▶ [Task description] Look below for the line containing "5 bedrooms House"; from there, print each line exactly up to and including the line containing "Laslo L - Table Lamp", and stop.

Items from a dataset:
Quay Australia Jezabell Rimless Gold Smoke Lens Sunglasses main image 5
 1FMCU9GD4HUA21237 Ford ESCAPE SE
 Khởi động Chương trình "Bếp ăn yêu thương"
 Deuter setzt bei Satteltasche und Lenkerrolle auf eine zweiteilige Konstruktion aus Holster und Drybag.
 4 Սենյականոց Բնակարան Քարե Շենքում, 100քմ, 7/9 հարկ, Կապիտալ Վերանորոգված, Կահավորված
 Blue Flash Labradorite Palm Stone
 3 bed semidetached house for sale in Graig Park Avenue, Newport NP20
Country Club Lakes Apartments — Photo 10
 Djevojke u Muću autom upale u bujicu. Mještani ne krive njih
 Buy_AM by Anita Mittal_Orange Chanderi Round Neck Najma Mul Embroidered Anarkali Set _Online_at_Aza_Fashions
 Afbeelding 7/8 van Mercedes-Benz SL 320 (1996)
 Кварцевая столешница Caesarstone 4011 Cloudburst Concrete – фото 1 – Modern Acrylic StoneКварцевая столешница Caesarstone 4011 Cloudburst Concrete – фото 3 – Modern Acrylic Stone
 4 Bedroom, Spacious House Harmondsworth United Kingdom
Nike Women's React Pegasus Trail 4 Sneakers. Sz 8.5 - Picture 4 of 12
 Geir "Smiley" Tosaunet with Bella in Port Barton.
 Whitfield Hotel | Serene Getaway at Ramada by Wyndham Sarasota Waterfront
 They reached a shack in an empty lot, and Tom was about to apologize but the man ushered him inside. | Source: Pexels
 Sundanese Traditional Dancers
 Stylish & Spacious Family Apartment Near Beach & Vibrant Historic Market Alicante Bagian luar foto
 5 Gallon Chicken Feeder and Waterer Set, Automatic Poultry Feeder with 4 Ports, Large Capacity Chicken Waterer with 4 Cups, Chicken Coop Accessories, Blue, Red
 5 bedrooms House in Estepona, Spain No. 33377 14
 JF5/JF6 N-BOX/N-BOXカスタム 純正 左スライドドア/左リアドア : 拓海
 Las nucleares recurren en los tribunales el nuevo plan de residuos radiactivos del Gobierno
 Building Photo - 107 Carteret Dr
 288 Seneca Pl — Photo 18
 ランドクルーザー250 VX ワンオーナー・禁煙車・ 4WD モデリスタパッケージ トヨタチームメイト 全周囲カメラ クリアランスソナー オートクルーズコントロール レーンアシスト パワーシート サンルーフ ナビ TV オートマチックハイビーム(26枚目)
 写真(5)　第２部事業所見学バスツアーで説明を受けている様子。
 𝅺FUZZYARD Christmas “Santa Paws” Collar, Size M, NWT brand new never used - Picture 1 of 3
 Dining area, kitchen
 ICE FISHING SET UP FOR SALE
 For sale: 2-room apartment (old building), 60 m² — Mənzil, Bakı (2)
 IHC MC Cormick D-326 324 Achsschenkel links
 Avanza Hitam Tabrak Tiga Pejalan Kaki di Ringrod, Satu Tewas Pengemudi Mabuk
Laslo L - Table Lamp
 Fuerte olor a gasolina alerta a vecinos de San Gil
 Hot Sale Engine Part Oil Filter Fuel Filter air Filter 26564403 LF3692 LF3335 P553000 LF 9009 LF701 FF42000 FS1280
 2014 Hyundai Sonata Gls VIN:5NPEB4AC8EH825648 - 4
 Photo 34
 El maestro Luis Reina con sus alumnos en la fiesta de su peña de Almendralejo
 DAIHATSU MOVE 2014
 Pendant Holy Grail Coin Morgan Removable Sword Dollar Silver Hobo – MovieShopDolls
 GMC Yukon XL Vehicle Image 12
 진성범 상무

▶ [Written reply]
 5 bedrooms House in Estepona, Spain No. 33377 14
 JF5/JF6 N-BOX/N-BOXカスタム 純正 左スライドドア/左リアドア : 拓海
 Las nucleares recurren en los tribunales el nuevo plan de residuos radiactivos del Gobierno
 Building Photo - 107 Carteret Dr
 288 Seneca Pl — Photo 18
 ランドクルーザー250 VX ワンオーナー・禁煙車・ 4WD モデリスタパッケージ トヨタチームメイト 全周囲カメラ クリアランスソナー オートクルーズコントロール レーンアシスト パワーシート サンルーフ ナビ TV オートマチックハイビーム(26枚目)
 写真(5)　第２部事業所見学バスツアーで説明を受けている様子。
 𝅺FUZZYARD Christmas “Santa Paws” Collar, Size M, NWT brand new never used - Picture 1 of 3
 Dining area, kitchen
 ICE FISHING SET UP FOR SALE
 For sale: 2-room apartment (old building), 60 m² — Mənzil, Bakı (2)
 IHC MC Cormick D-326 324 Achsschenkel links
 Avanza Hitam Tabrak Tiga Pejalan Kaki di Ringrod, Satu Tewas Pengemudi Mabuk
Laslo L - Table Lamp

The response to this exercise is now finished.